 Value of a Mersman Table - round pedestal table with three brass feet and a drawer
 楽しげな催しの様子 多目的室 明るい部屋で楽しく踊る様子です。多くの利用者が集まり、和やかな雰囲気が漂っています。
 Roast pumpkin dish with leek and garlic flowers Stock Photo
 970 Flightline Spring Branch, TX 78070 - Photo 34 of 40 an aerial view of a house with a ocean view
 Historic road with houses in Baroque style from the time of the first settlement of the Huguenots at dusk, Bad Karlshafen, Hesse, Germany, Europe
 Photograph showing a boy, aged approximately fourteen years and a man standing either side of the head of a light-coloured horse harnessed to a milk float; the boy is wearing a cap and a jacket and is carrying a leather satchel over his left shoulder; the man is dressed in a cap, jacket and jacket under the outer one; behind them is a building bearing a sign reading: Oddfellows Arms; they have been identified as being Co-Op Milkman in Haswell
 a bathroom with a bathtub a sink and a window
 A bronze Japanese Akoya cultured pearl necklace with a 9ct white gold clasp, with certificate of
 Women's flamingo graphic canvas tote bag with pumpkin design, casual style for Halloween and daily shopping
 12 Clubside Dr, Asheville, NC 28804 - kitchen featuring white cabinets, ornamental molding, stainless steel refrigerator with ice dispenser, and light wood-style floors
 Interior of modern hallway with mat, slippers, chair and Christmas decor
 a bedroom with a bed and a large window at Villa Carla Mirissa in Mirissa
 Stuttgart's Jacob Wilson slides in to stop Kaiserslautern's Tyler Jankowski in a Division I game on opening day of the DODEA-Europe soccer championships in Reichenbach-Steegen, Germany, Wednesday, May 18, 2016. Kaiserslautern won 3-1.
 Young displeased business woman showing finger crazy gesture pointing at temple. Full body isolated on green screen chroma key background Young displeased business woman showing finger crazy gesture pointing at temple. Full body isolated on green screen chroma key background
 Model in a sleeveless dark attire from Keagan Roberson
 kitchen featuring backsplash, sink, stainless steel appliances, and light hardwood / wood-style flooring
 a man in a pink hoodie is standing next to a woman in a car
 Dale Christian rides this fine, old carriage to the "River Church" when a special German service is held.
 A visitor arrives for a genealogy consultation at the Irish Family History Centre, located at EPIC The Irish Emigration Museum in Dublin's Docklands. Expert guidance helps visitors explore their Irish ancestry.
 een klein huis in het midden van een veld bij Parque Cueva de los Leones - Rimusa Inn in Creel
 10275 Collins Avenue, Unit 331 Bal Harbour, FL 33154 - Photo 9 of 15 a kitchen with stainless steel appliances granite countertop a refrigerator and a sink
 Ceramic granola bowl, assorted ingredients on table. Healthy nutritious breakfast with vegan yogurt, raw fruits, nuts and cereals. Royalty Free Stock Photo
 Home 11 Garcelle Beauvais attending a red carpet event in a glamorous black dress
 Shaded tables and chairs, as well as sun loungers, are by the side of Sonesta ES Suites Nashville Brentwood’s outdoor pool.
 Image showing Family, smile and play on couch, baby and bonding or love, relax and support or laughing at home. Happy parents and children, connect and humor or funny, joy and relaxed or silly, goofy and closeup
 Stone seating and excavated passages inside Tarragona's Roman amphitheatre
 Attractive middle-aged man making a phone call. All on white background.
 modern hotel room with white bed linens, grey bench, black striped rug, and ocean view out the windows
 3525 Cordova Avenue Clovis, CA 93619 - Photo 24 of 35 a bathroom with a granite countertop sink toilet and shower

================================

## Exercise goal
Go to the line in the material above that contains "a bedroom with" and copy exactly from there through the line that contains "Stuttgart's Jacob Wilson", stopping after it.

## Response box
 a bedroom with a bed and a large window at Villa Carla Mirissa in Mirissa
 Stuttgart's Jacob Wilson slides in to stop Kaiserslautern's Tyler Jankowski in a Division I game on opening day of the DODEA-Europe soccer championships in Reichenbach-Steegen, Germany, Wednesday, May 18, 2016. Kaiserslautern won 3-1.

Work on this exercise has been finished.